▶ [DIRECTIONS FOR THIS TASK]
The lines to return run from the start of the material below through the line holding "Bighero common wart", both included; please give them back exactly, minus the pictures.

===

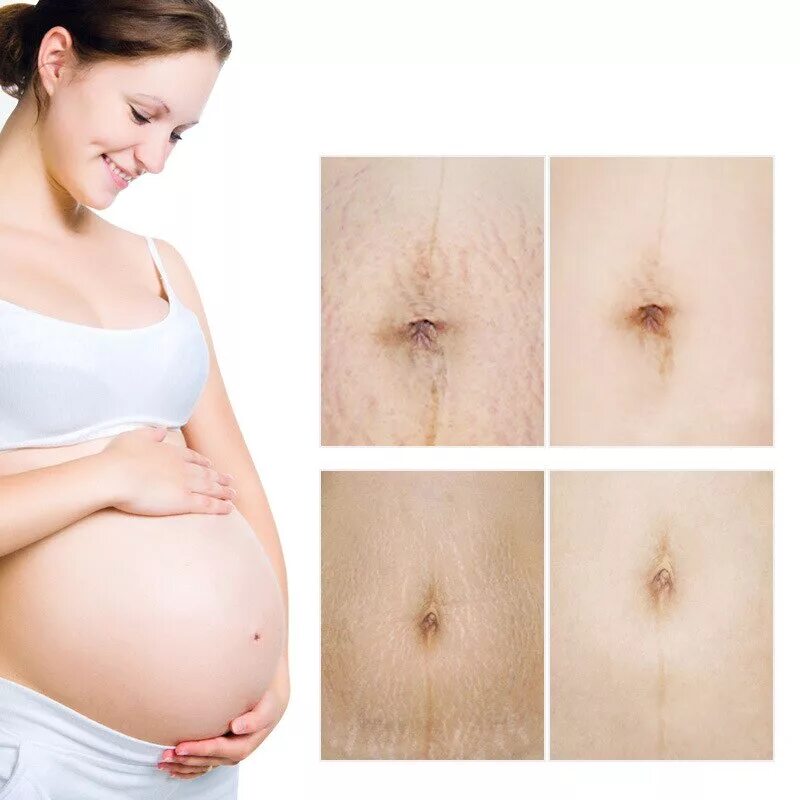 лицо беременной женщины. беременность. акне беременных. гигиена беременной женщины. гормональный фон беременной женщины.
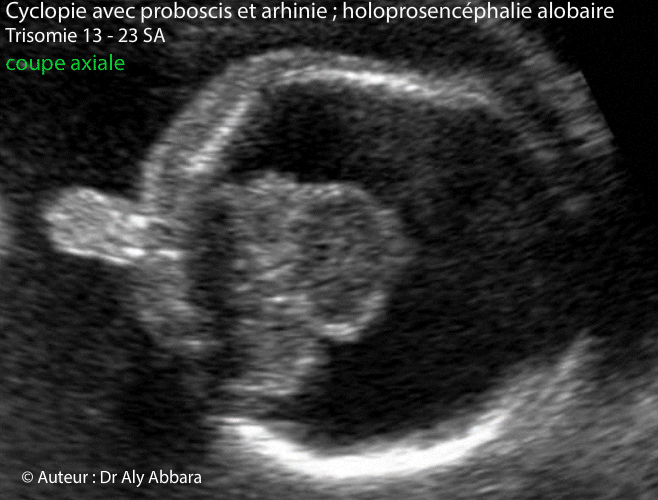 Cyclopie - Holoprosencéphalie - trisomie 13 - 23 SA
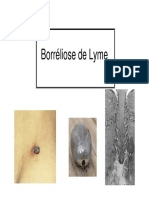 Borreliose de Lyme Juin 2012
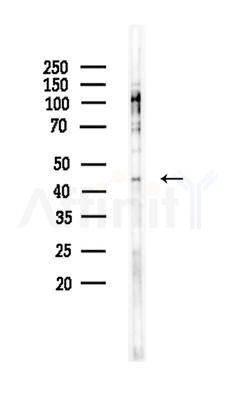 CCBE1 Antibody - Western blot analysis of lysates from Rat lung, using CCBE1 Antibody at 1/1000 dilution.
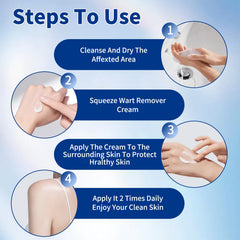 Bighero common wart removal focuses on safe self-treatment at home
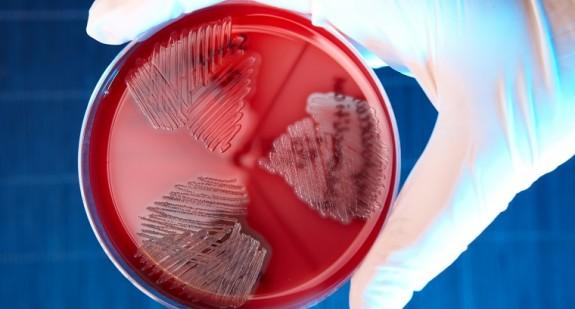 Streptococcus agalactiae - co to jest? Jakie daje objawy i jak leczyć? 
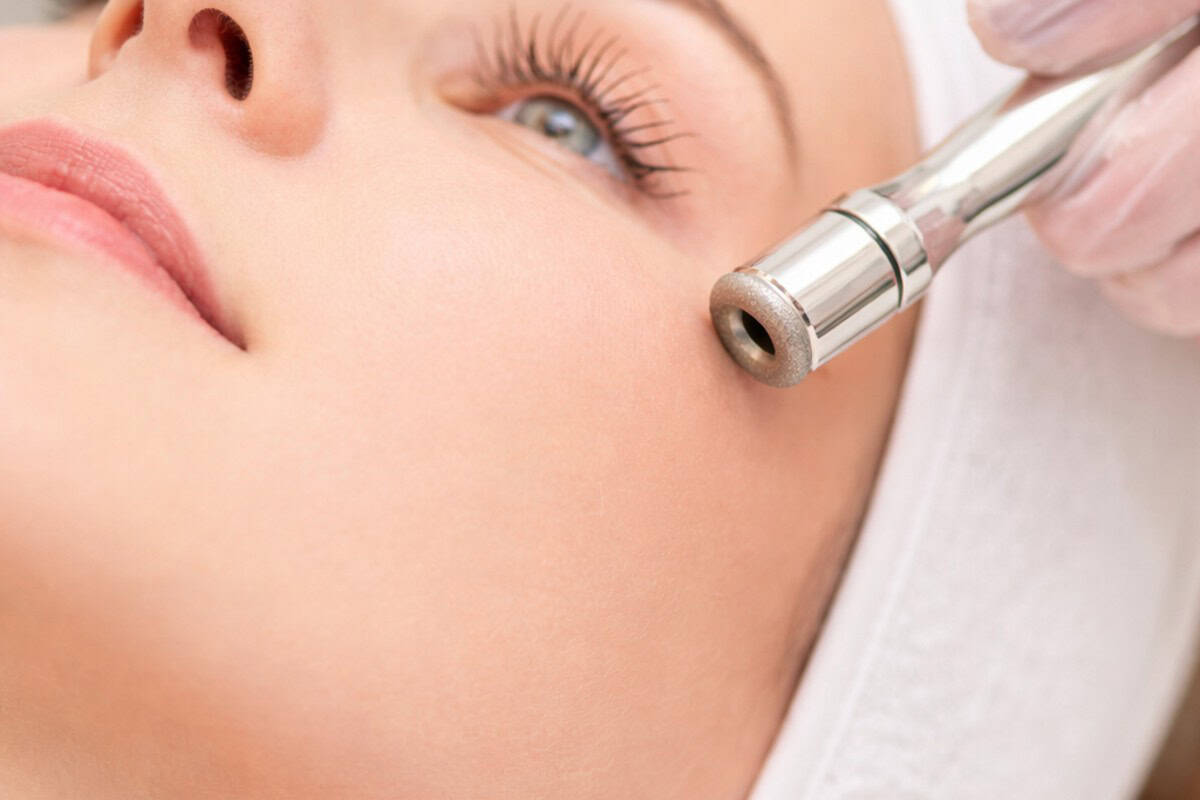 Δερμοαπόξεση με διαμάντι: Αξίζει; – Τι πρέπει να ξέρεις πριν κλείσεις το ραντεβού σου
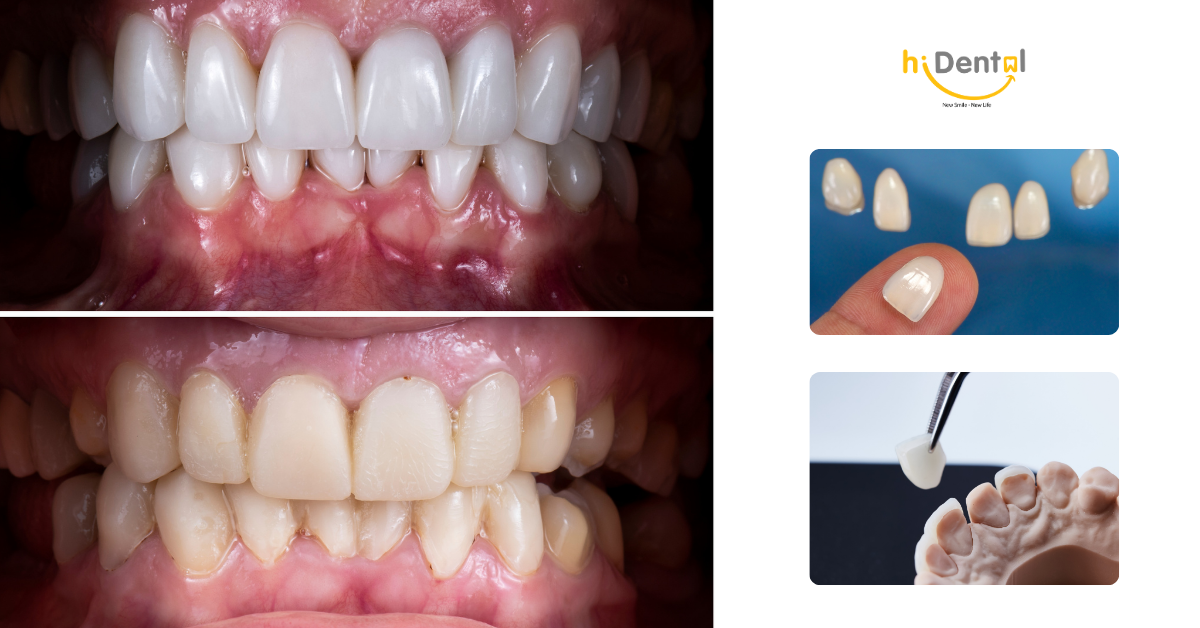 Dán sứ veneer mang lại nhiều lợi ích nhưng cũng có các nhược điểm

===

▶ [EXERCISE RESULT]
 лицо беременной женщины. беременность. акне беременных. гигиена беременной женщины. гормональный фон беременной женщины.
 Cyclopie - Holoprosencéphalie - trisomie 13 - 23 SA
 Borreliose de Lyme Juin 2012
 CCBE1 Antibody - Western blot analysis of lysates from Rat lung, using CCBE1 Antibody at 1/1000 dilution.
 Bighero common wart removal focuses on safe self-treatment at home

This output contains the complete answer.